What the task asks: Everything in the records below from the line containing "Versace Jeans Couture" through the line containing "David Jones - Women's" is to be reproduced exactly, those two lines included; no picture is to be copied.

Dataset content:
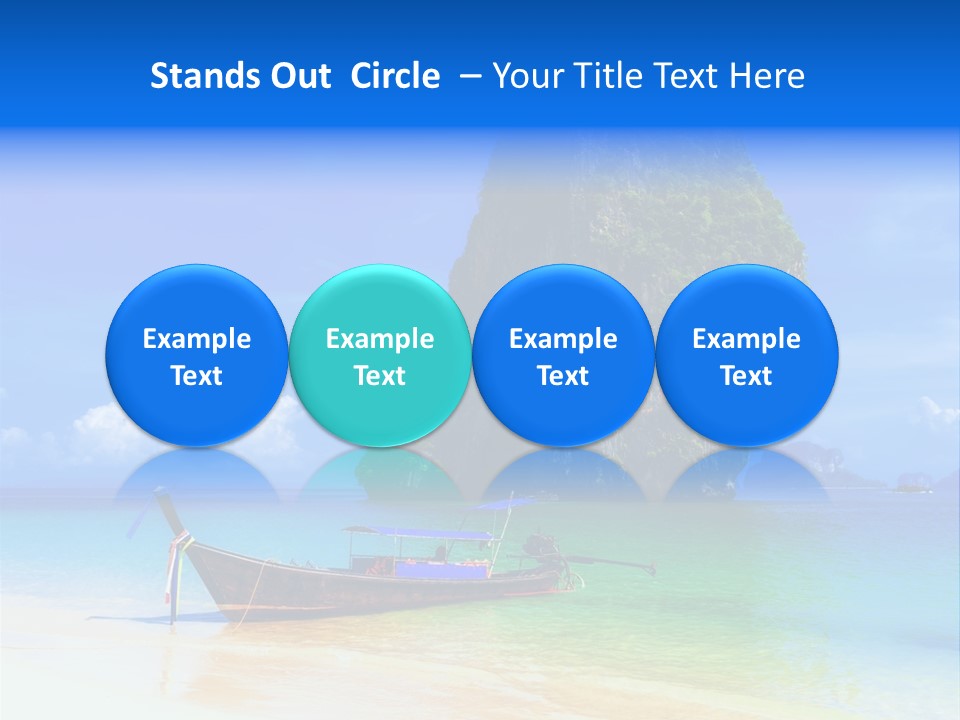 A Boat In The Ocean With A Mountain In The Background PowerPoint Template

---

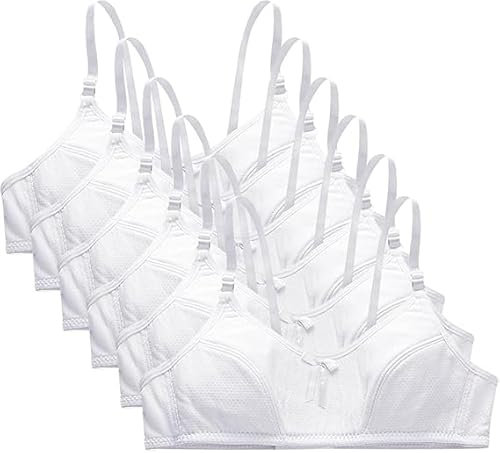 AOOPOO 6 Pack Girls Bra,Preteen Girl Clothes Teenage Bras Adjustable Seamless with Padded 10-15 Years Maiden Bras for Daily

* * *

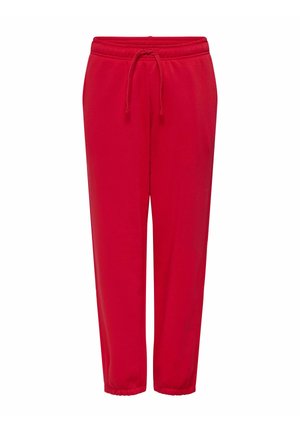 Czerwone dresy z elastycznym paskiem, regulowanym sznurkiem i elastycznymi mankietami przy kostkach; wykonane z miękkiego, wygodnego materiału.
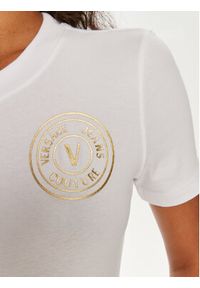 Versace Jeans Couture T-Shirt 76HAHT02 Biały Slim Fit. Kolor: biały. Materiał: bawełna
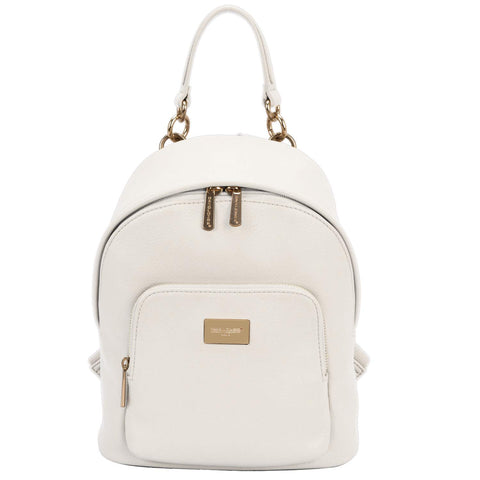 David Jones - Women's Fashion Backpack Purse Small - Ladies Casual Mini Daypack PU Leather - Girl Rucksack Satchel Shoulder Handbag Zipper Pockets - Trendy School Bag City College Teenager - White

Answer to the exercise:
 Versace Jeans Couture T-Shirt 76HAHT02 Biały Slim Fit. Kolor: biały. Materiał: bawełna
 David Jones - Women's Fashion Backpack Purse Small - Ladies Casual Mini Daypack PU Leather - Girl Rucksack Satchel Shoulder Handbag Zipper Pockets - Trendy School Bag City College Teenager - White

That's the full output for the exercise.